Provided data:
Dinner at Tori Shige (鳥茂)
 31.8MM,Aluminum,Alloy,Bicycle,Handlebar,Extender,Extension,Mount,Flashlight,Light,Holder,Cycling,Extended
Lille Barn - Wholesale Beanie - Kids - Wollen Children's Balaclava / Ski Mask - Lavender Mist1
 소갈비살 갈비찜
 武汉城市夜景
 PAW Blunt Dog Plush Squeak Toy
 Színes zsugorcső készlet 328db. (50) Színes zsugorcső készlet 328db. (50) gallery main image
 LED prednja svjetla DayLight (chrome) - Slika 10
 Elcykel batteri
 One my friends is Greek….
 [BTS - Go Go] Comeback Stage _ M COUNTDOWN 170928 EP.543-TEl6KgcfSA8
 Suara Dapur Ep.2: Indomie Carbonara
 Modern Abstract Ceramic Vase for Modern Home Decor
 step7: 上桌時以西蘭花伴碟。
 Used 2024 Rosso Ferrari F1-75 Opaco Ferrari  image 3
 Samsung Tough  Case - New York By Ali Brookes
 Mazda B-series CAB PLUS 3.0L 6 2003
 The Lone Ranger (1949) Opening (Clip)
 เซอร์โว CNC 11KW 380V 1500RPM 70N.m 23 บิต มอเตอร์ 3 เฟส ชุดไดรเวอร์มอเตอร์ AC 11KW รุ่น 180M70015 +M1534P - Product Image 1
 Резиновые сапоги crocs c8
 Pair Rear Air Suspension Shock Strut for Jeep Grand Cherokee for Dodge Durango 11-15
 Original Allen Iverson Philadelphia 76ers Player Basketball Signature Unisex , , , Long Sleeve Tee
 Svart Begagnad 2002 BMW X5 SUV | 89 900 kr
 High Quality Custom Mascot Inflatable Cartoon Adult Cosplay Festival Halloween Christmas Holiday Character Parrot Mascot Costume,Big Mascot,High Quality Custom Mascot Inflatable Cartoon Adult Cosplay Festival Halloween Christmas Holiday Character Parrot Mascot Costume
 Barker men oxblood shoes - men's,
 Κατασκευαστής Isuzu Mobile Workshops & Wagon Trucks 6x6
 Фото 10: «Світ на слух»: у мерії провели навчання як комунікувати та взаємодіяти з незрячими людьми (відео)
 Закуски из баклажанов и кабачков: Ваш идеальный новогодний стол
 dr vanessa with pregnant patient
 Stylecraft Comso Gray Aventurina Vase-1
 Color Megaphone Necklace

Exercise:
A verbatim copy of all the entries is the expected result.

Finished exercise:
Dinner at Tori Shige (鳥茂)
 31.8MM,Aluminum,Alloy,Bicycle,Handlebar,Extender,Extension,Mount,Flashlight,Light,Holder,Cycling,Extended
Lille Barn - Wholesale Beanie - Kids - Wollen Children's Balaclava / Ski Mask - Lavender Mist1
 소갈비살 갈비찜
 武汉城市夜景
 PAW Blunt Dog Plush Squeak Toy
 Színes zsugorcső készlet 328db. (50) Színes zsugorcső készlet 328db. (50) gallery main image
 LED prednja svjetla DayLight (chrome) - Slika 10
 Elcykel batteri
 One my friends is Greek….
 [BTS - Go Go] Comeback Stage _ M COUNTDOWN 170928 EP.543-TEl6KgcfSA8
 Suara Dapur Ep.2: Indomie Carbonara
 Modern Abstract Ceramic Vase for Modern Home Decor
 step7: 上桌時以西蘭花伴碟。
 Used 2024 Rosso Ferrari F1-75 Opaco Ferrari  image 3
 Samsung Tough  Case - New York By Ali Brookes
 Mazda B-series CAB PLUS 3.0L 6 2003
 The Lone Ranger (1949) Opening (Clip)
 เซอร์โว CNC 11KW 380V 1500RPM 70N.m 23 บิต มอเตอร์ 3 เฟส ชุดไดรเวอร์มอเตอร์ AC 11KW รุ่น 180M70015 +M1534P - Product Image 1
 Резиновые сапоги crocs c8
 Pair Rear Air Suspension Shock Strut for Jeep Grand Cherokee for Dodge Durango 11-15
 Original Allen Iverson Philadelphia 76ers Player Basketball Signature Unisex , , , Long Sleeve Tee
 Svart Begagnad 2002 BMW X5 SUV | 89 900 kr
 High Quality Custom Mascot Inflatable Cartoon Adult Cosplay Festival Halloween Christmas Holiday Character Parrot Mascot Costume,Big Mascot,High Quality Custom Mascot Inflatable Cartoon Adult Cosplay Festival Halloween Christmas Holiday Character Parrot Mascot Costume
 Barker men oxblood shoes - men's,
 Κατασκευαστής Isuzu Mobile Workshops & Wagon Trucks 6x6
 Фото 10: «Світ на слух»: у мерії провели навчання як комунікувати та взаємодіяти з незрячими людьми (відео)
 Закуски из баклажанов и кабачков: Ваш идеальный новогодний стол
 dr vanessa with pregnant patient
 Stylecraft Comso Gray Aventurina Vase-1
 Color Megaphone Necklace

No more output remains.